EXERCISE DETAILS> Apart from the images, the records below need to be copied exactly.
───── INFORMATION SHOWN ─────
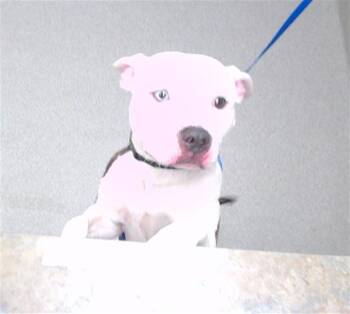 TEN -  Boxer and Mixed Breed Dog for Adoption in Omaha, Nebraska - TEN | PetCurious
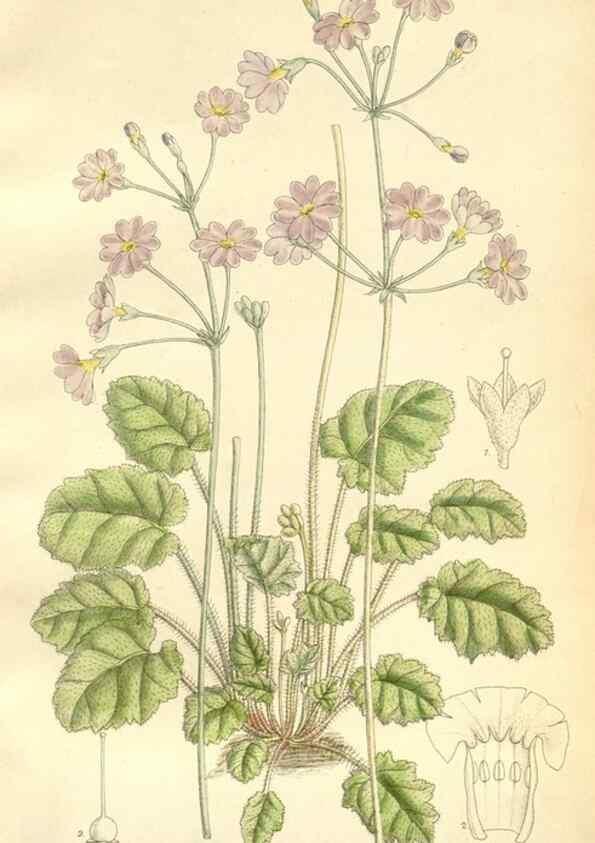 Reproducción/Reproduction 35398215146: Curtis's botanical magazine.. London ; New York [etc.] :Academic Press [etc.]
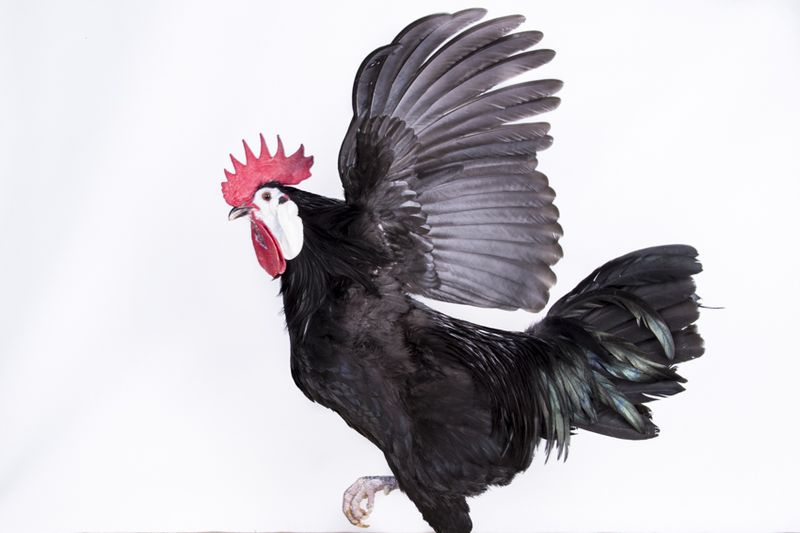 © Emanuela Colombo - Image from the FarmVille portraits of animals (almost) lost photography project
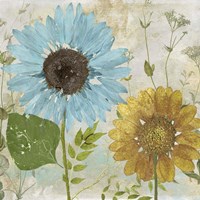 Morning Blue I Fine Art Print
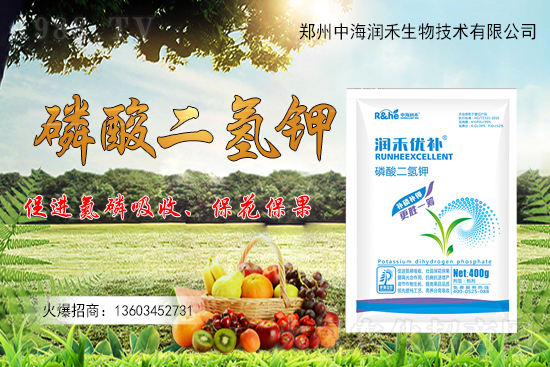 果樹一整年到底該怎么施肥？果樹施肥注意事項有哪些？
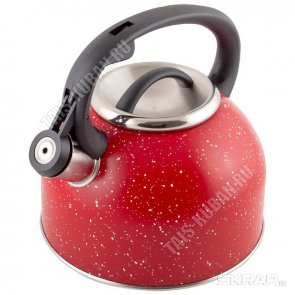 Чайник нерж 2,5л 
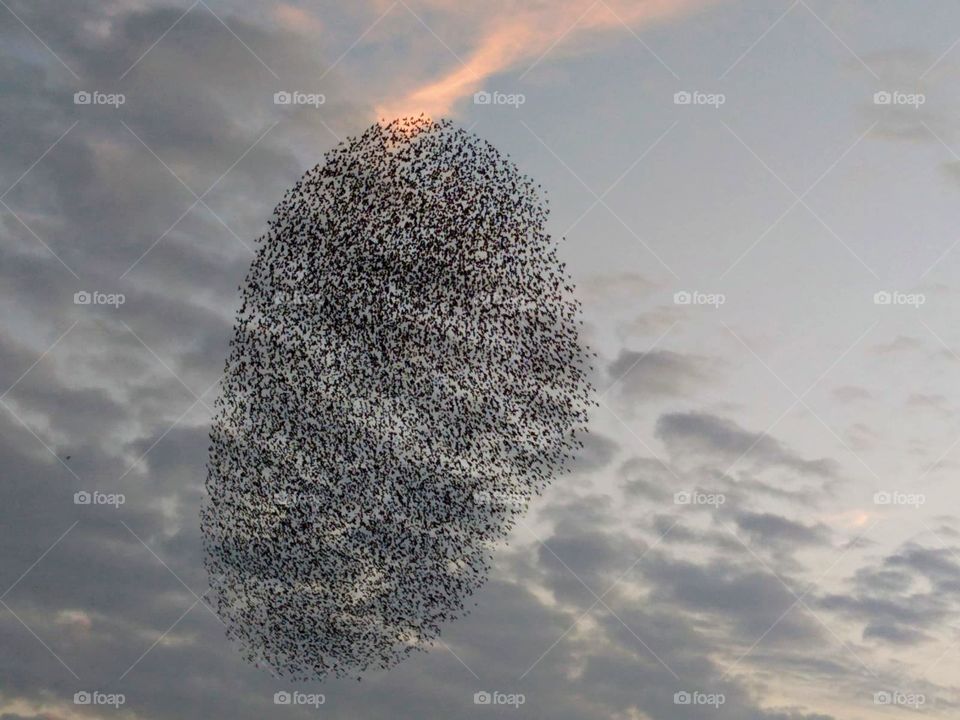 Flock of birds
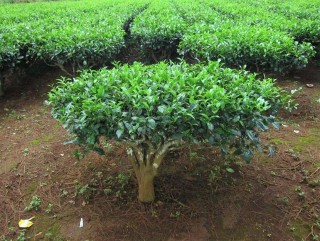 पर्वतको चिसापानी लेकमा व्यावसायिक चिया खेती सुरु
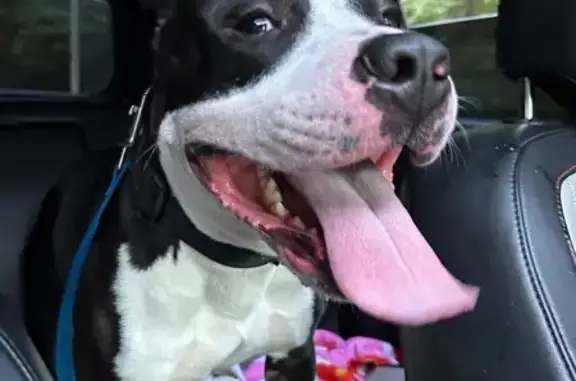 Found: Black & White Male Dog, Patty Ct SE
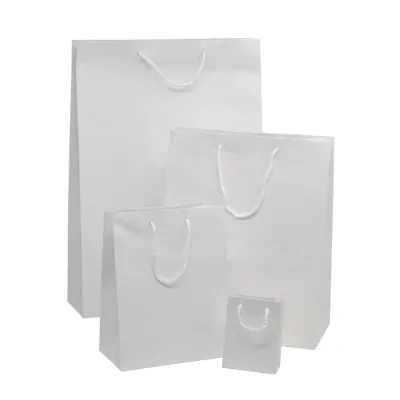 Sac pelliculé blanc brillant poignées cordelette 17,8 x 9,8 x 22,9 cm 157g – Paquet de 20 - Sacs pelliculés poignées cordelette-1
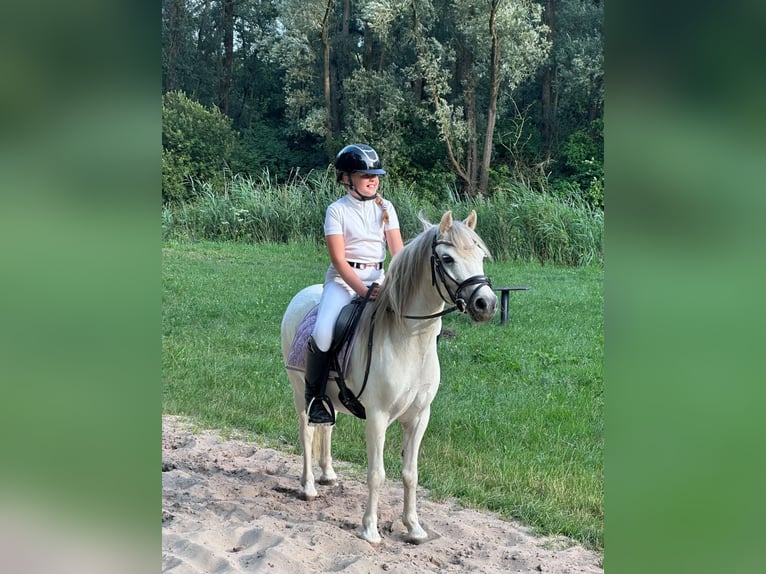 Welsh-B Wallach 8 Jahre 120 cm Schimmel in Zoetermeer
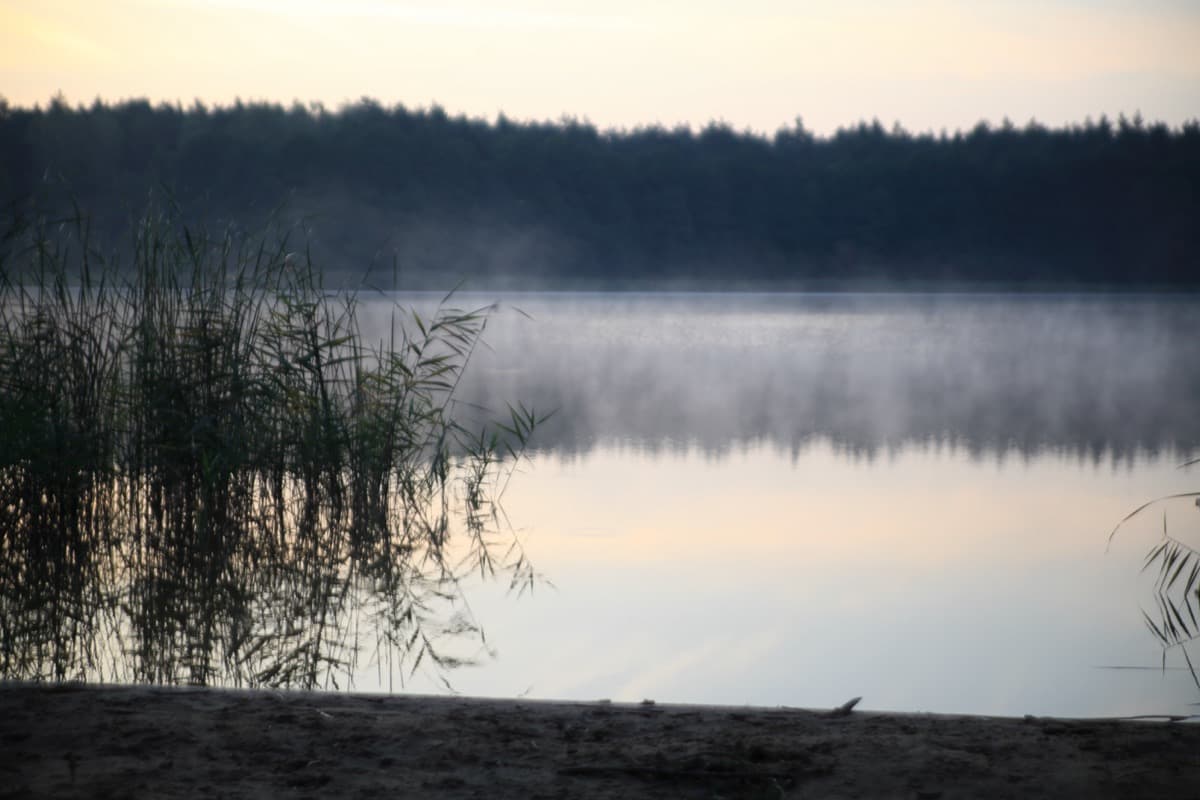 Mglisty poranek nad Jeziorem Omulew z trzcinami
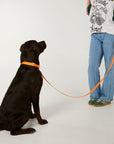 Woman standing next to a black dog on a white background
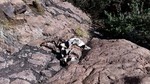 photo thumbnail #12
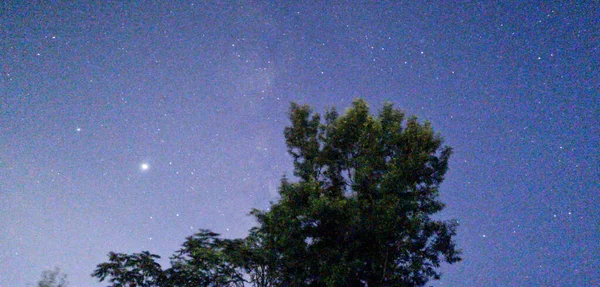 night sky with stars and snow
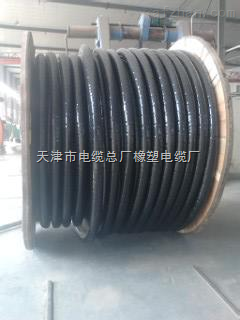 天津电缆精品 YHD 2*1 3*1 4*1 5*1 ---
─────
REPLY>
 TEN -  Boxer and Mixed Breed Dog for Adoption in Omaha, Nebraska - TEN | PetCurious
 Reproducción/Reproduction 35398215146: Curtis's botanical magazine.. London ; New York [etc.] :Academic Press [etc.]
 © Emanuela Colombo - Image from the FarmVille portraits of animals (almost) lost photography project
 Morning Blue I Fine Art Print
 果樹一整年到底該怎么施肥？果樹施肥注意事項有哪些？
 Чайник нерж 2,5л 
 Flock of birds
 पर्वतको चिसापानी लेकमा व्यावसायिक चिया खेती सुरु
 Found: Black & White Male Dog, Patty Ct SE
 Sac pelliculé blanc brillant poignées cordelette 17,8 x 9,8 x 22,9 cm 157g – Paquet de 20 - Sacs pelliculés poignées cordelette-1
 Welsh-B Wallach 8 Jahre 120 cm Schimmel in Zoetermeer
 Mglisty poranek nad Jeziorem Omulew z trzcinami
 Woman standing next to a black dog on a white background
 photo thumbnail #12
 night sky with stars and snow
 天津电缆精品 YHD 2*1 3*1 4*1 5*1 ---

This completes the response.